Es ist möglich, analog dem E v 05.10.94, V7/94, die Abgrenzung der präjudiziellen Grünlandwidmung in der Weise vorzunehmen, daß nur die Widmung "Grünland-Erholungsgebiete", die im Teilflächenwidmungsplan Salzburg-West zwischen der Eduard-Baumgartner-Straße im Norden, der Riedenburger Straße im Nordwesten und Westen sowie der Mölkhofgasse im Osten und Südosten ausgewiesen ist, iS des Art139 Abs1 B-VG präjudiziell ist.
Die Kundmachung des Bürgermeisters der Landeshauptstadt Salzburg vom 17.12.90 über die beabsichtigte Aufstellung eines Bebauungsplanes ist eine Verordnung iS des Art139 Abs1 B-VG. Dies ist mit Rücksicht darauf der Fall, daß nach der (inzwischen durch das Gesetz LGBl 34/1991 aufgehobenen) Vorschrift des §4 Abs3 Sbg BebauungsgrundlagenG die Kundmachung ohne weiteres das Bestehen einer Bausperre in der Dauer von (längstens) sechs Monaten zur Folge hatte. Ein normativer Inhalt - und damit Verordnungsqualität - kommt nur dem Punkt 1. der Kundmachung zu.

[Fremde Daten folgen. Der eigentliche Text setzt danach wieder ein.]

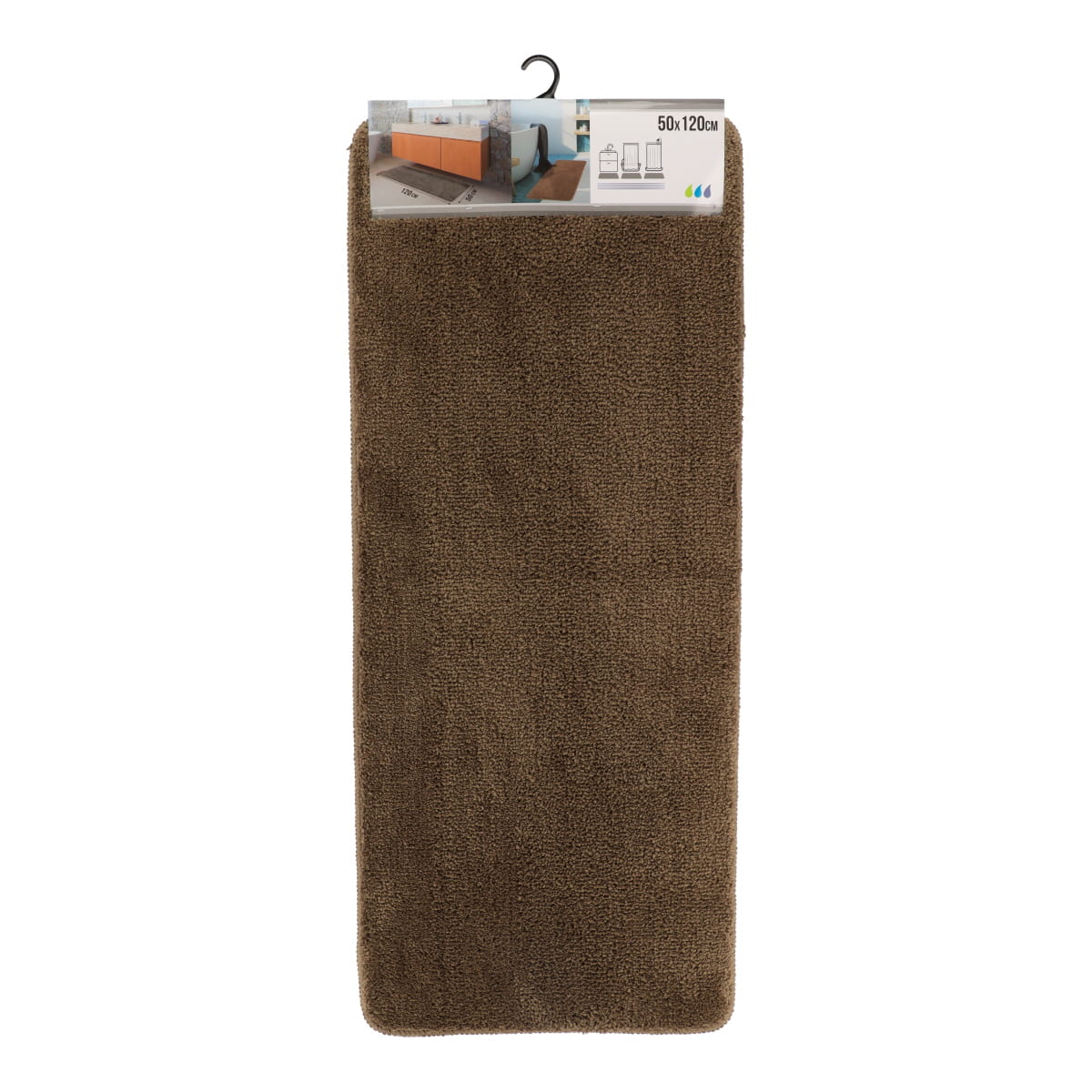 Covoraș Microfibră 50 x 120 CM cu Suport din Latex - Maro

Die Übergangsbestimmung des ArtIII Abs2 des Gesetzes LGBl 34/1991 erhöhte die - gesetzlich festgelegte - Geltungsdauer der Bausperre auf ein Jahr, ließ aber den Verordnungscharakter der Kundmachung unberührt. Mit dieser Regelung hat der Gesetzgeber keineswegs eine Verordnung erlassen - was verfassungsrechtlich unzulässig wäre.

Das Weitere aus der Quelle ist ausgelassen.